The kids looked at Aden. He shrugged.

“But she’s all right?” Aden asked.

“I guess it was a big question,” Charlie said. “Lots of poison from the thing…whatever it’s called. But they said the baby… she’s tough. Like Sandy. That’s what I said. They called a baby doctor who said the baby is small. Like Sandy.”

“That’s what you said?” Nash asked.

“That’s what the lady doctor said. Called the baby a ‘little lady’,” Charlie said. “Sandy has to rest until the baby is due. Now. The girlfriends will make her do it so she’ll probably do it.”

“Did you get to talk to Sandy?” Noelle asked. Her eyes welled up with tears. “I wanted to talk to her to make sure she’s all right.”

“We couldn’t use cell phone to call you,” Charlie said. “Some dumb rule. Sandy made a video for you guys on Jill’s camera.”

Tears still spilling on her face, Noelle cheered. She scooched closer to Charlie so she could see. Charlie fumbled with the camera until Aden took it away from him. Aden set it up. They watched Sandy with their four heads pressed together to see the tiny screen. Heather had done Sandy’s make up and Jill had done her hair. The little bit of theater helped Sandy seem less life threateningly sick. Even Charlie felt better watching the video.

And Sandy was Sandy. She smiled her big smile, told them she was all right. She promised to try to get home as soon as possible. Then she was all Mom. She reminded Noelle to bring her art supplies case for art class after school. She encouraged Nash to do well on his test tomorrow. She ended by telling them all to get to bed.

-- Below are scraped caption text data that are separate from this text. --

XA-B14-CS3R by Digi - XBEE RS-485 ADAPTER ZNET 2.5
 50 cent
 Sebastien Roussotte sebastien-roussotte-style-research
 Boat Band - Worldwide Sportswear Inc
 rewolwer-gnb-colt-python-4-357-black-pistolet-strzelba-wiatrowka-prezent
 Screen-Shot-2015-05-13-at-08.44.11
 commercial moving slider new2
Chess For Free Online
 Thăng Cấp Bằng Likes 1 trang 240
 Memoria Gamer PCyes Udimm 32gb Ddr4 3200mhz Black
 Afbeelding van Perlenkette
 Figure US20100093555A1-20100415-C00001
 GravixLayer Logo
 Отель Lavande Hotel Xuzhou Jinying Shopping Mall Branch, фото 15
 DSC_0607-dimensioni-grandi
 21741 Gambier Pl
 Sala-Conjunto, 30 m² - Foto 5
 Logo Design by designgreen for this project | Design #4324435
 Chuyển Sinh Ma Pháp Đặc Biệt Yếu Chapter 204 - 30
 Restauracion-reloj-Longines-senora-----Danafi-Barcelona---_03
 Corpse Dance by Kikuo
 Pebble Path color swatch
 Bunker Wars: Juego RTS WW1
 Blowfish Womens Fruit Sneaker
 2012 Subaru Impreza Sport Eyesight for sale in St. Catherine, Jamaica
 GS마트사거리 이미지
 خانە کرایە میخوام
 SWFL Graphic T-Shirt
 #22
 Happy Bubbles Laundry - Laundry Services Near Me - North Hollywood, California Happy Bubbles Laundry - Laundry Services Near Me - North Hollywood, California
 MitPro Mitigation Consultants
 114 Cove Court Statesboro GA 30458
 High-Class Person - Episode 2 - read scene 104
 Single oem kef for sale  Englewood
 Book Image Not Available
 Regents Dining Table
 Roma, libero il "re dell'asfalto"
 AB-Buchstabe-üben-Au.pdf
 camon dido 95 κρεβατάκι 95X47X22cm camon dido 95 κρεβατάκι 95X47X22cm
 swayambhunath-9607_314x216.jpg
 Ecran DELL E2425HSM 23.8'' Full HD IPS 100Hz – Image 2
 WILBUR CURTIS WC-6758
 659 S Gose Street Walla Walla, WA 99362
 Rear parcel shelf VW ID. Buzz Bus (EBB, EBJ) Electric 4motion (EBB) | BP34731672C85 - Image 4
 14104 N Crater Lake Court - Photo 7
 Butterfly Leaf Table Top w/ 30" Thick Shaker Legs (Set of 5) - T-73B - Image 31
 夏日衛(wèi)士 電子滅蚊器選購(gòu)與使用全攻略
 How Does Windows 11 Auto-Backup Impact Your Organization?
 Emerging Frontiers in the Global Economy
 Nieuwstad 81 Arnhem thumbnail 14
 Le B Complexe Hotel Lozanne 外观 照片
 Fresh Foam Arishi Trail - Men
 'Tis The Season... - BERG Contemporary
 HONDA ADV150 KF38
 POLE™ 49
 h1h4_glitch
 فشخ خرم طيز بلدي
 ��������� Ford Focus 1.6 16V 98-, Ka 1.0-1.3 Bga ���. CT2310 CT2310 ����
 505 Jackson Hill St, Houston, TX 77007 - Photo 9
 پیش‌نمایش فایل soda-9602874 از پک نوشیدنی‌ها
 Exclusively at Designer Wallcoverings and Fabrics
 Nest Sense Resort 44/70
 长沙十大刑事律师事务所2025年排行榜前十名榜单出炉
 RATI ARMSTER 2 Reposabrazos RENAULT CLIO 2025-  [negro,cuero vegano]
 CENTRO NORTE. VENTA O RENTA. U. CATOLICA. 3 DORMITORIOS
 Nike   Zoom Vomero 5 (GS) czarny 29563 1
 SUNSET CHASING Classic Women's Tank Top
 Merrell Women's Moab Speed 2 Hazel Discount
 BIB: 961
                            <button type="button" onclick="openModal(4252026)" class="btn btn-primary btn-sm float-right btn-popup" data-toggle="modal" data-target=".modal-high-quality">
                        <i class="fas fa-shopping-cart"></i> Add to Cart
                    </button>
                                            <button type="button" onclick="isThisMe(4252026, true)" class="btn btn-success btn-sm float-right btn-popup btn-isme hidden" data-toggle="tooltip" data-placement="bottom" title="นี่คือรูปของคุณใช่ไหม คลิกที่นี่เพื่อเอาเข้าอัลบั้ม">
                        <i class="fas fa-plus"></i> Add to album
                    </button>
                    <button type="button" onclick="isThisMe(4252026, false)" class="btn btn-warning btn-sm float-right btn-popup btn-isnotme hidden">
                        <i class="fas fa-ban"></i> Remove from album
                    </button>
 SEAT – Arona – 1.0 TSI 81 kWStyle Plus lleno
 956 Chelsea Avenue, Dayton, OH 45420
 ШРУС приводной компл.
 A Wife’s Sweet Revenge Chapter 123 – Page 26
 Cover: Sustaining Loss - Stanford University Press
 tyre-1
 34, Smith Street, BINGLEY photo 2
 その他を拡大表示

They watched the short video three times before Noelle declared they should, in fact, go to bed. Nash and Charlie followed Noelle up to the apartment. Charlie waited until Aden helped the kids to bed before telling him that Sandy made a video for him. Touched, Aden nodded. Aden helped Charlie through teeth brushing and finally into bed. Charlie had just snuggled down with Cleo the cat when he heard Aden turn on the video. Like his children, Aden watched it three or four times. Charlie was sure Aden was going to bed when he appeared in the doorway of his closet room.

“I wanted to say Thanks,” Aden said. “It was brave of you to get Sandy out of that group. And really thoughtful to make these videos.”

“How did you know…?”

“Sandy told me on the phone,” Aden said. “She said you insisted. I wanted to thank you. Noelle’s… She’s…”

“Fragile,” Charlie said. “Special.”

“Right,” Aden said. “She’s lost so much – her real mother, her home, me… Sandy stepped into that mess and became her anchor. With Sandy sick, Noelle’s adrift again. She needs that kind of visual confirmation to feel all right. She’ll probably watch the video five or six times before school. How did you know?”

“I didn’t,” Charlie said. “I just knew what I’d want if I was at home and they were there.”

“Must have been awful for you,” Aden said.

Charlie shrugged.

“Get some sleep,” Aden said. “I have to go in early but I’ll be back to get you guys up. Do you mind going with MJ again?”

“Nope,” Charlie said.

Aden nodded. Charlie lay back on his bed when Aden appeared in his doorway again.

“I’m really glad you’re here,” Aden said.

He was gone before Charlie could respond. Closing his eyes, Charlie was really glad he was there too.